Le Tribunal Administratif de Bordeaux, saisi d'une question préjudicielle par la cour d'appel de Bordeaux, devait se prononcer sur la légalité d'une décision de l'inspection du travail du 11 décembre 2020 autorisant le transfert du contrat de travail d'un salarié protégé. La société requérante soutenait notamment une insuffisance de motivation de cette décision au regard des conditions de l'accord de branche applicable. Le tribunal a rappelé que, saisi sur renvoi préjudiciel, il ne peut trancher que la question spécifique qui lui est soumise, rendant irrecevables les autres moyens invoqués. La solution retenue par le tribunal n'est pas explicitée dans l'extrait fourni, mais la décision a été rendue en application des articles 49 du code de procédure civile et R. 811-1 du code de justice administrative.

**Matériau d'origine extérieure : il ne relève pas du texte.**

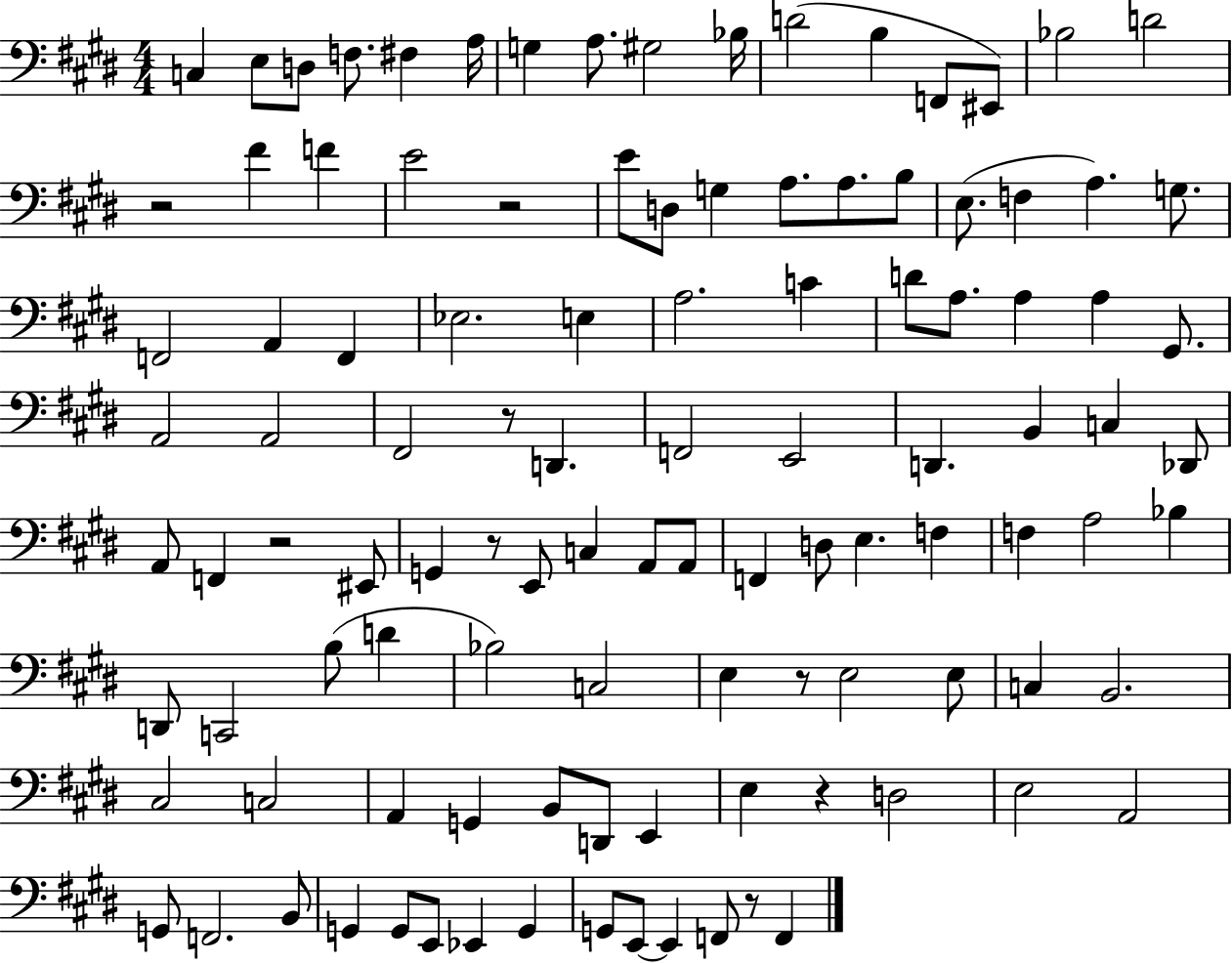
C3/q E3/e D3/e F3/e. F#3/q A3/s G3/q A3/e. G#3/h Bb3/s D4/h B3/q F2/e EIS2/e Bb3/h D4/h R/h F#4/q F4/q E4/h R/h E4/e D3/e G3/q A3/e. A3/e. B3/e E3/e. F3/q A3/q. G3/e. F2/h A2/q F2/q Eb3/h. E3/q A3/h. C4/q D4/e A3/e. A3/q A3/q G#2/e. A2/h A2/h F#2/h R/e D2/q. F2/h E2/h D2/q. B2/q C3/q Db2/e A2/e F2/q R/h EIS2/e G2/q R/e E2/e C3/q A2/e A2/e F2/q D3/e E3/q. F3/q F3/q A3/h Bb3/q D2/e C2/h B3/e D4/q Bb3/h C3/h E3/q R/e E3/h E3/e C3/q B2/h. C#3/h C3/h A2/q G2/q B2/e D2/e E2/q E3/q R/q D3/h E3/h A2/h G2/e F2/h. B2/e G2/q G2/e E2/e Eb2/q G2/q G2/e E2/e E2/q F2/e R/e F2/q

Le Tribunal Administratif de Bordeaux a rejeté la requête de Mme C, qui contestait le refus du syndicat mixte départemental des déchets de la Dordogne (SMD3) de modifier un point d'apport volontaire pour le rendre accessible aux personnes à mobilité réduite. La requérante invoquait une erreur manifeste d'appréciation en raison de son handicap. Le tribunal a jugé que Mme C n'apportait pas la preuve que le service de collecte par apport volontaire, prévu par les articles L. 2224-13 et R. 2224-24 du code général des collectivités territoriales, était inadapté au point de constituer une erreur manifeste. La demande d'annulation et les conclusions relatives aux frais de justice ont donc été rejetées.
Le Tribunal Administratif de Bordeaux a rejeté la requête de M. A contestant le refus de remise gracieuse d’un indu d’allocation de logement sociale de 480 euros. Le juge a estimé que, bien que le requérant soit de bonne foi, sa situation financière (retraite de 1 762,48 euros, loyer de 656,48 euros) ne présentait pas un caractère de précarité suffisant pour justifier une remise de dette. La décision s’appuie sur les articles L. 823-9 du code de la construction et de l’habitation et L. 553-2 du code de la sécurité sociale.

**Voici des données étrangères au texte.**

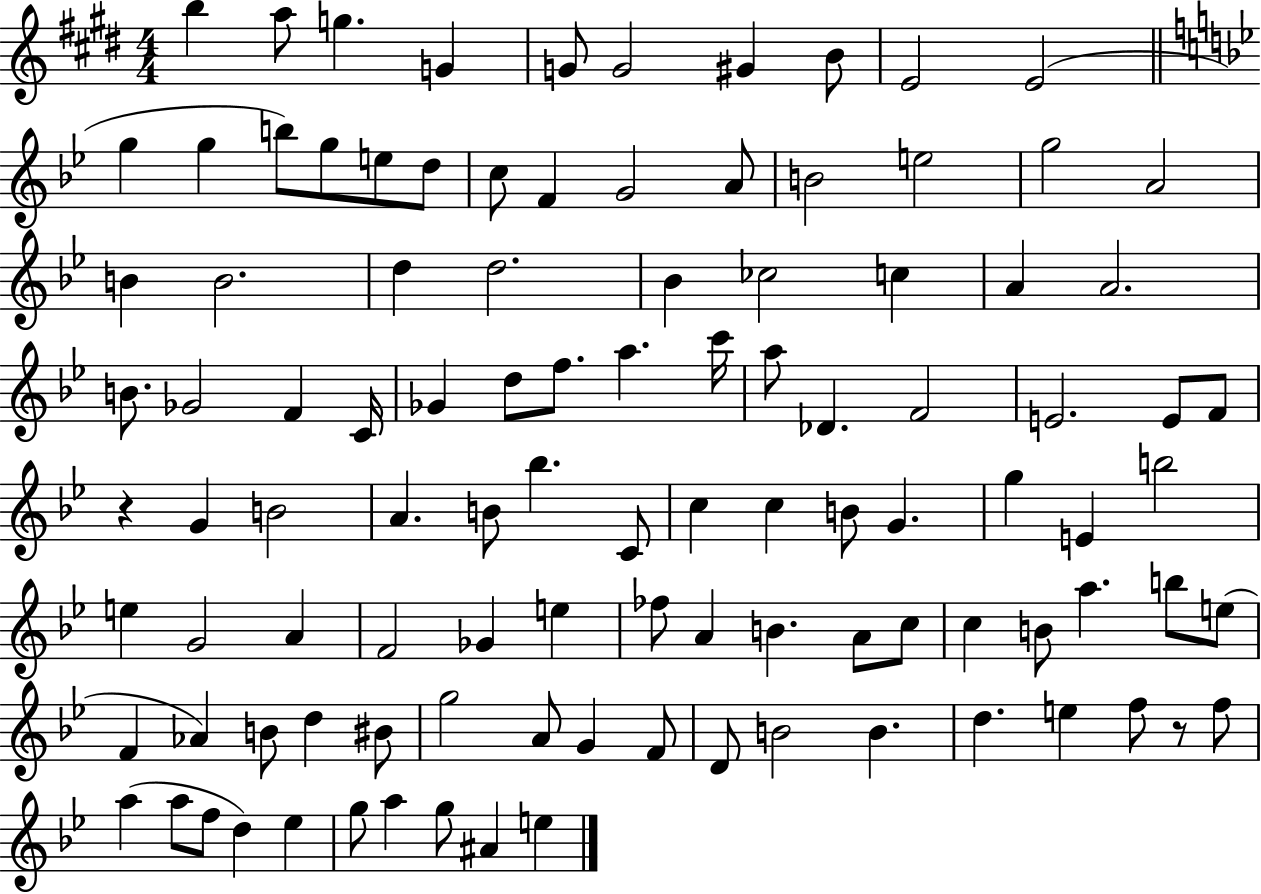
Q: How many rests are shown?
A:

Le Tribunal Administratif de Bordeaux a examiné la requête de M. B et M. A contestant les décisions du syndicat mixte départemental des déchets de la Dordogne (SMD3) relatives à la collecte des déchets et à l'instauration d'une redevance incitative. Les requérants invoquaient notamment la méconnaissance des articles R. 2224-24 et L. 2333-76 du code général des collectivités territoriales, ainsi qu'une atteinte au principe d'égalité. Le tribunal a constaté un non-lieu à statuer sur certaines conclusions, le règlement de collecte de 2022 ayant été remplacé et les tarifs de 2023 ayant cessé de s'appliquer. La solution retenue par le tribunal n'est pas explicitée dans l'extrait fourni, mais la procédure a été instruite et les parties ont été entendues.

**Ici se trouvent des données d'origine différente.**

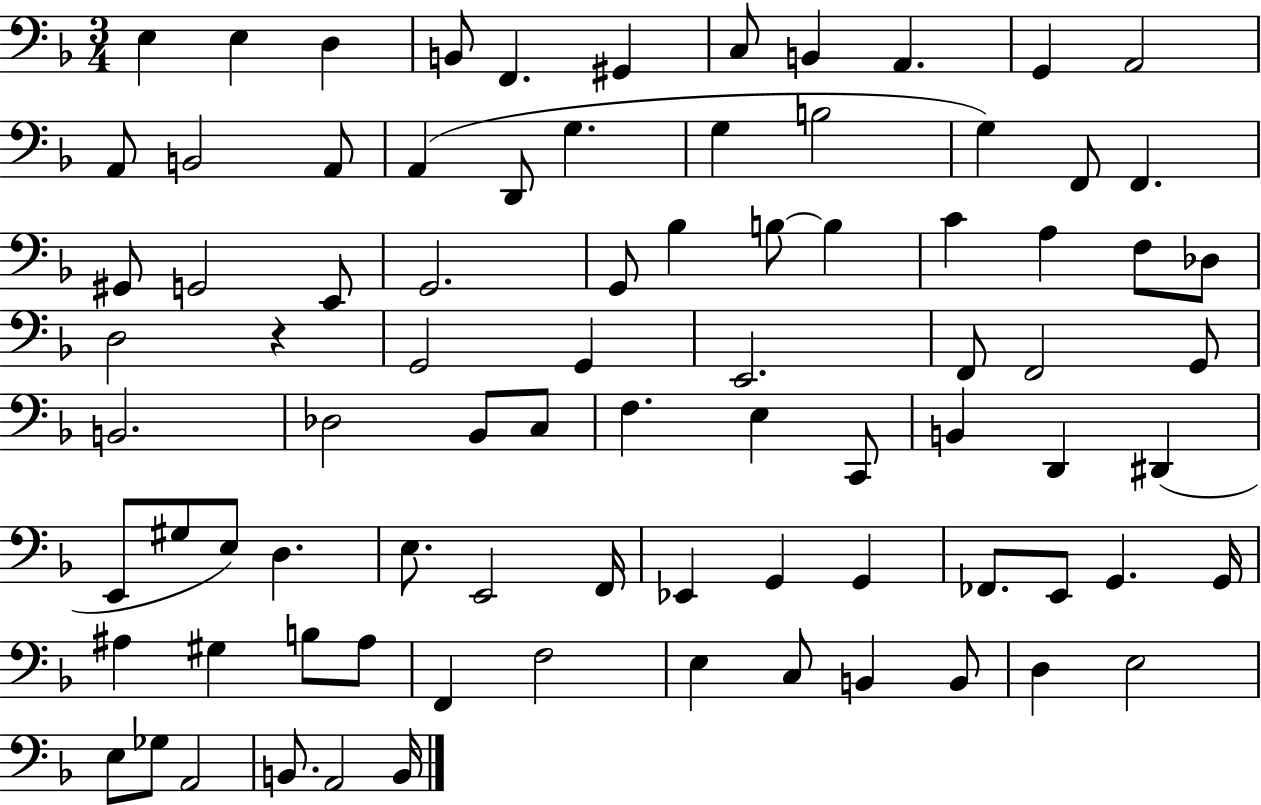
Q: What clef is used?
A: bass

Le Tribunal Administratif de Bordeaux a examiné la requête de Mme A contestant le refus du syndicat mixte départemental des déchets de la Dordogne (SMD3) d’abroger plusieurs délibérations et de revenir sur la suppression de la collecte en porte-à-porte au profit de points d’apport volontaire. Le tribunal a constaté qu’il n’y avait plus lieu de statuer sur les conclusions dirigées contre le refus d’abroger le règlement de collecte du 13 décembre 2022 et la délibération tarifaire de 2022, ces actes ayant été remplacés ou ayant cessé de produire leurs effets. Sur le fond, la requérante invoquait notamment une méconnaissance de l’article R. 2224-24 du code général des collectivités territoriales et une atteinte au principe d’égalité, mais le tribunal a rejeté l’ensemble de ses conclusions, jugeant la requête irrecevable faute d’intérêt à agir et, subsidiairement, non fondée.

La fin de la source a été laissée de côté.